Here is my current lambda, it takes in the event triggered by the s3 bucket, checks to see if it is a zip file then pushes the name of that s3 Key to SQS. Should I tell AWS batch to start reading the queue here in my lambda? I am totally new to AWS in general and not sure were to go from here.
public class dockerEventHandler implements RequestHandler<S3Event, String> {
private static BigData app = new BigData();
private static DomainOfConstants CONST = new DomainOfConstants();
private static Logger log = Logger.getLogger(S3EventProcessorUnzip.class);
private static AmazonSQS SQS;
private static CreateQueueRequest createQueueRequest;
private static Matcher matcher;
private static String srcBucket, srcKey, extension, myQueueUrl;
@Override
public String handleRequest(S3Event s3Event, Context context)
{
try {
for (S3EventNotificationRecord record : s3Event.getRecords())
{
srcBucket = record.getS3().getBucket().getName();
srcKey = record.getS3().getObject().getKey().replace('+', ' ');
srcKey = URLDecoder.decode(srcKey, "UTF-8");
matcher = Pattern.compile(".*\\.([^\\.]*)").matcher(srcKey);
if (!matcher.matches())
{
log.info(CONST.getNoConnectionMessage() + srcKey);
return "";
}
extension = matcher.group(1).toLowerCase();
if (!"zip".equals(extension))
{
log.info("Skipping non-zip file " + srcKey + " with extension " + extension);
return "";
}
log.info("Sending object location to key" + srcBucket + "//" + srcKey);
//pass in only the reference of where the object is located
createQue(CONST.getQueueName(), srcKey);
}
}
catch (IOException e)
{
log.error(e);
}
return "Ok";
}
/*
*
* Setup connection to amazon SQS
* TODO - Find updated api for sqs connection to eliminate depreciation
*
* */
@SuppressWarnings("deprecation")
public static void sQSConnection() {
app.setAwsCredentials(CONST.getAccessKey(), CONST.getSecretKey());
try{
SQS = new AmazonSQSClient(app.getAwsCredentials());
Region usEast1 = Region.getRegion(Regions.US_EAST_1);
SQS.setRegion(usEast1);
}
catch(Exception e){
log.error(e);
}
}
//Create new Queue
public static void createQue(String queName, String message){
createQueueRequest = new CreateQueueRequest(queName);
myQueueUrl = SQS.createQueue(createQueueRequest).getQueueUrl();
sendMessage(myQueueUrl,message);
}
//Send reference to the s3 objects location to the queue
public static void sendMessage(String SIMPLE_QUE_URL, String S3KeyName){
SQS.sendMessage(new SendMessageRequest(SIMPLE_QUE_URL, S3KeyName));
}
//Fire AWS batch to pull from que
private static void initializeBatch(){
//TODO
}
I have setup docker and understand docker images. I believe my docker image should contain all the code to read the queue, unzip, process and kit the file to RDS all in one docker image/container.
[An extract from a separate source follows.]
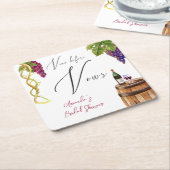 Wijnmakerij Bruiloft Vino Before Vows Bruidsfeest  Kartonnen Onderzetters (Schuin)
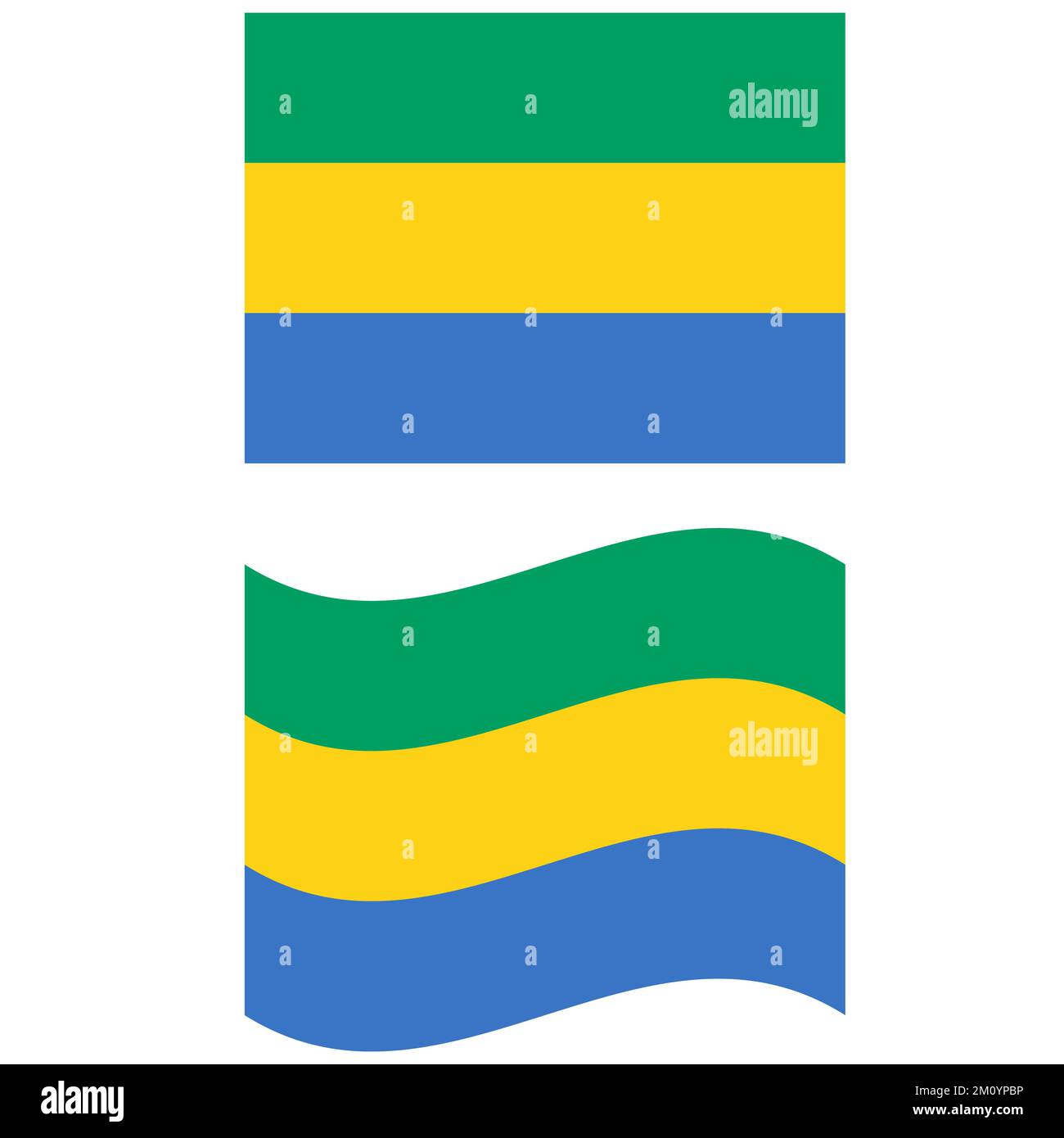 Waving flag of Gabon. Gabon flag on white background. flat style Stock ...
I am looking for someone who has something similar done they could share to help. Something along the lines of :
Mr. S3: Hey lambda I have a file
Mr. Lambda :Okay S3 I see you, hey aws batch could you unzip and do stuff to this
Mr. Batch: Gotchya mr lambda, ill take care of that and put it in RDS or some data base after.
I have not written the class/docker image yet but i have all the code done to process/unzip and kick off to rds done. Lambda just is limited to memory due to some of the files being 1gb or bigger.